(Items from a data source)
++++++++

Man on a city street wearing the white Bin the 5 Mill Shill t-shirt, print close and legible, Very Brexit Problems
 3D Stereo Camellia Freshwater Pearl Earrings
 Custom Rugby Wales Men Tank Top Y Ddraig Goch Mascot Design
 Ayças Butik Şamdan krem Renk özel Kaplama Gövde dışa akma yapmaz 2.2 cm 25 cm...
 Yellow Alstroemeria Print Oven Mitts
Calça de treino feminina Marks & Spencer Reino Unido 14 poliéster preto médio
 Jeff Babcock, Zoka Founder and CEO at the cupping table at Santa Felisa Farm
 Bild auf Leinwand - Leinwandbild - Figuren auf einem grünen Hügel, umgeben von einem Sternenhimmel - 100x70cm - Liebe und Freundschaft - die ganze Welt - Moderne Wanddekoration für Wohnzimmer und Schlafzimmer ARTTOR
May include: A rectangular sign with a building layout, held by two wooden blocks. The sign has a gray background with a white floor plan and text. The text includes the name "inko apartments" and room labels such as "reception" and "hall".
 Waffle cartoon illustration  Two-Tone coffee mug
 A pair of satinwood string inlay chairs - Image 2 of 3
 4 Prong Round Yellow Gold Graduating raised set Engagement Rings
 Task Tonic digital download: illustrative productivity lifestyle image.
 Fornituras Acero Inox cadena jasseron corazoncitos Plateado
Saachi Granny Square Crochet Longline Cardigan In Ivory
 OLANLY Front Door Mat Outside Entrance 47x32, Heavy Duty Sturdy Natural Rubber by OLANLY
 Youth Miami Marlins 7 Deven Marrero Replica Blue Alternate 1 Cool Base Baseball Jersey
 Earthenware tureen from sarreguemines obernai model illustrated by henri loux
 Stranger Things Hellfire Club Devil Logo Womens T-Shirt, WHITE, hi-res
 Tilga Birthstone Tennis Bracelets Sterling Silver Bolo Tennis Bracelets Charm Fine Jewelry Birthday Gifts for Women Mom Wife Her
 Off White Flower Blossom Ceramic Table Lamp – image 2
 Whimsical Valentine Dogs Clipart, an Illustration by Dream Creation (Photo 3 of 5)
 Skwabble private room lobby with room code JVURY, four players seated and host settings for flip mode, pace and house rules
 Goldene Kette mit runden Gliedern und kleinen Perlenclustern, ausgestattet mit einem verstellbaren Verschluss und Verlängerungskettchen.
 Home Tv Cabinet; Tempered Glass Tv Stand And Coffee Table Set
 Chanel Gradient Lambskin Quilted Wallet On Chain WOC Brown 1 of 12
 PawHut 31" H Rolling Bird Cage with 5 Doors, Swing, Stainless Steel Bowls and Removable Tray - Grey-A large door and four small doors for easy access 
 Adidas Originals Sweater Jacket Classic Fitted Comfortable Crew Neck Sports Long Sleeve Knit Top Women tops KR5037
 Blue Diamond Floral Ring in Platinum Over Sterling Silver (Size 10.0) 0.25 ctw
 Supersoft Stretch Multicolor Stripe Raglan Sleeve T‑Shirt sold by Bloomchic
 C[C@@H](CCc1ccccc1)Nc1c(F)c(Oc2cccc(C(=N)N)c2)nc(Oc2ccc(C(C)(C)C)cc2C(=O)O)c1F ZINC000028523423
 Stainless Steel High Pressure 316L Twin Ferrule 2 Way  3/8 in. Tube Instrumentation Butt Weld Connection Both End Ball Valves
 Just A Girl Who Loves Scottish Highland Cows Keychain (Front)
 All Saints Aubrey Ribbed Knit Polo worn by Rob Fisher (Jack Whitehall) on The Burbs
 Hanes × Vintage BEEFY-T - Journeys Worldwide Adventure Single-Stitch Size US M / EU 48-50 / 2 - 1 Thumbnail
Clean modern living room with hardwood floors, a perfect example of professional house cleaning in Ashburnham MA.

++++++++

§ **Your assignment**
Would you copy all lines in the records where the string "Stainless" appears?

§ **Solution to this problem**
 PawHut 31" H Rolling Bird Cage with 5 Doors, Swing, Stainless Steel Bowls and Removable Tray - Grey-A large door and four small doors for easy access 
 Stainless Steel High Pressure 316L Twin Ferrule 2 Way  3/8 in. Tube Instrumentation Butt Weld Connection Both End Ball Valves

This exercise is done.